Programming topics

Speeding up case of string (Pascal)
Counting loops in C/C++
Dealing with endian
Singletons / Do once only
Manipulating rightmost bits
Iterators

This is a collection of programming hints and techniques. Although primarily dedicated to Pascal and/or C/C++ many ideas are applicable for other programming languages as well. In some cases also a compiler developer can profit.

Comments or questions? E-mail: info@sirrida.de

Speeding up case of string (Pascal)

The implementation of Free Pascal's case for strings is not more than an else-if chain where the strings are compared one by one; this effectively is only "syntactic sugar". This applies at least to versions up to 2.7.1 (2013-01). It is a shame that Free Pascal creates such poor code.
It is even more a shame that Delphi has no string-case at all, at least up to the version XE3 (2013-01-24) although this language feature was demanded many times.
As you can see in Dispatching on strings in theory, the compiler could do much better.

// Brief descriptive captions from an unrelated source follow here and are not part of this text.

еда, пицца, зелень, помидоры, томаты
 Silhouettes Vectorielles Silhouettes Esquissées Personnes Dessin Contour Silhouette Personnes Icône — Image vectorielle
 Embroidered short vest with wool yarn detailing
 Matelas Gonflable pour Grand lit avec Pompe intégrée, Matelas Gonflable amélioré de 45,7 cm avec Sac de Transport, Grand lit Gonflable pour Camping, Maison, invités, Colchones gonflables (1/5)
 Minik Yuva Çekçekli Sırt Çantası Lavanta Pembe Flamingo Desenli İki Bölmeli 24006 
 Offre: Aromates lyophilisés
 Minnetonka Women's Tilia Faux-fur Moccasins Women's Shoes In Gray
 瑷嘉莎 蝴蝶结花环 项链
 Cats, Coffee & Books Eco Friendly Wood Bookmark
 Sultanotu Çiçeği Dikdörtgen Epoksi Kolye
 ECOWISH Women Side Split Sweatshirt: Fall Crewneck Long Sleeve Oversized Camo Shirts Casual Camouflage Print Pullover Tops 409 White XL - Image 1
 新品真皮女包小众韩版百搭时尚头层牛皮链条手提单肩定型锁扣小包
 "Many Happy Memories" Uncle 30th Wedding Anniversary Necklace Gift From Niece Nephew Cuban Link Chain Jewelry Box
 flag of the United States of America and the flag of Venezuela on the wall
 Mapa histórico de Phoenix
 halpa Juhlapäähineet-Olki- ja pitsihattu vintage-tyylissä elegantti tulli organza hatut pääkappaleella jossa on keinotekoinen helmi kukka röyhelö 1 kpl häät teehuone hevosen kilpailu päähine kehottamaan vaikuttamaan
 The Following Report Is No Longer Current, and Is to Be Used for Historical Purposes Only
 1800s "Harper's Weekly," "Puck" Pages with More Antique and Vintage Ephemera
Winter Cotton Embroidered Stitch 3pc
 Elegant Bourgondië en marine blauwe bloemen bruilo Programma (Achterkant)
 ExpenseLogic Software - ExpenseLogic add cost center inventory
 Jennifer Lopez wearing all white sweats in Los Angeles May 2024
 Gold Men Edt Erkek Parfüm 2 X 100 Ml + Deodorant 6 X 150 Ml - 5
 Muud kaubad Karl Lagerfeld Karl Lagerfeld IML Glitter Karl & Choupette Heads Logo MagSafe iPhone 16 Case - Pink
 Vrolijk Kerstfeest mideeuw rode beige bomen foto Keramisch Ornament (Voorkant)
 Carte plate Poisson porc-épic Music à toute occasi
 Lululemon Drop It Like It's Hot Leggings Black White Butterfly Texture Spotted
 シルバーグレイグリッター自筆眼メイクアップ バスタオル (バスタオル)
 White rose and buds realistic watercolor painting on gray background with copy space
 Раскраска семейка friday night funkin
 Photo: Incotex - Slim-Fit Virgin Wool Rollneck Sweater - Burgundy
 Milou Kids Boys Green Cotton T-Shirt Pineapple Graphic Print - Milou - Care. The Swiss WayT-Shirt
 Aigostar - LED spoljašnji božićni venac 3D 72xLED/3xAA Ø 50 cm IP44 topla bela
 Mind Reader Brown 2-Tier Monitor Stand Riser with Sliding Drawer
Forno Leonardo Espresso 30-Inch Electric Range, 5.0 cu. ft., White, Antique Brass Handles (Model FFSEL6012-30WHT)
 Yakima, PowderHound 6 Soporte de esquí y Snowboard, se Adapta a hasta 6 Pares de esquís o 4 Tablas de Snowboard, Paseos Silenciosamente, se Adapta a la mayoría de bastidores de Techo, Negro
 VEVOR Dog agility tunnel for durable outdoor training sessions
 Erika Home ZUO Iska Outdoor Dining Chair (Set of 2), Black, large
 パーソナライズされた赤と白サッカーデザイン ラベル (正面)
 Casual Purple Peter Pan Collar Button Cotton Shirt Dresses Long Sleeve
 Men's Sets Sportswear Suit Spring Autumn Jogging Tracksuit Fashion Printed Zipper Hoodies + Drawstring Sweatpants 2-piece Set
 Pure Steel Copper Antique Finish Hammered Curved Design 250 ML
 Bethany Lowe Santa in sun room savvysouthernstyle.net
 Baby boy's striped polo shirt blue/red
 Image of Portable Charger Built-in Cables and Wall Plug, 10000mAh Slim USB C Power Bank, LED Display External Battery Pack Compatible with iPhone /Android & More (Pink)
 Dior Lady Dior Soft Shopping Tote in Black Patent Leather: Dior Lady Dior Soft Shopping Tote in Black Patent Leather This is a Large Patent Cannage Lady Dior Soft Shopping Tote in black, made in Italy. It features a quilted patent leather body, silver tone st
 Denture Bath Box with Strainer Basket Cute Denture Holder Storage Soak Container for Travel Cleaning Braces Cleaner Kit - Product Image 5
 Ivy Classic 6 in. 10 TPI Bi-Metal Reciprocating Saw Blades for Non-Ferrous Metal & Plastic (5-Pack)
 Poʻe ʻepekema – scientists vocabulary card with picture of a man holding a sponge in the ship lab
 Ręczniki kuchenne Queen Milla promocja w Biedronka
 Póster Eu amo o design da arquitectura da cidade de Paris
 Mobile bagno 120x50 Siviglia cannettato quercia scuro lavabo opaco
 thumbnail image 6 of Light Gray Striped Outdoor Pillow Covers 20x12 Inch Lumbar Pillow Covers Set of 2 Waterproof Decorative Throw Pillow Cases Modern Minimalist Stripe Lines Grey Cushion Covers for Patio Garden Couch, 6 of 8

On work we often have quite large string-case constructs. As written above Delphi does not know about a string-case. Therefore as a kludge to speed up our Delphi programs I often pre-dispatch on the first character and then use an else-if chain. This is very simple and reasonably fast (at least considering the simplicity), but still quite readable and maintainable. The goto statements are somewhat ugly but there is no real alternative. This transformation is essentially an example of what the compiler should have done.
I have special cased the empty string because the empty string is represented by a nil pointer; access to any character of it typically results in an access violation. This is true for all dynamic string types.

label _ELSE;
…
if s='' then  // very fast, preventing AV
  …
else begin
  case s[1] of  // s is non-empty, medium fast
    'a': begin
      if false then
      else if s='abc' then  …
      else if s='axx' then  …
      else goto _ELSE;
      end;
    'z': begin
      if false then
      else if s='zzz' then  …
      else goto _ELSE;
      end;
    else begin
_ELSE:
      …
      end;
    end;
  end;

Using a precompiler could also be a solution to problems like this but being forced to always apply an extra compilation step is probably overkill.
Unfortunately Pascal typically has no such thing as a preprocessor.
See also the chapter Switch on strings (C/C++).

Counting loops in C/C++

Have you ever tried to program a counting loop in C which works correctly in all cases, especially including empty ranges and the complete range of a type such as 0…255 for unsigned char aka byte without using a bigger type?
Your first attempt probably resulted in an endless loop such as this:

unsigned char i;
for (i=0; i<=255; ++i) {…}

Here obviously i<=255 is always true.
The problem is that C's for loop is essentially only a while loop with an additional initialization and an incrementing part, i.e. only syntactic sugar.
While being quite flexible allowing for almost any kind of loop this construction is much more clumsy and error-prone than Pascal's and Modula's for statement: The looping variable must be written at least 3 times and you must pay attention to use the correct relation operator which must match the incrementing or decrementing step. Also, you should pay attention that the comparison is as simple as possible, i.e. that the ending value is only a variable or constant. It's just too easy to make it wrong.
As far as I can see there is no general solution using only one simple conditional expression; also a simple while loop is unable to iterate over the whole range.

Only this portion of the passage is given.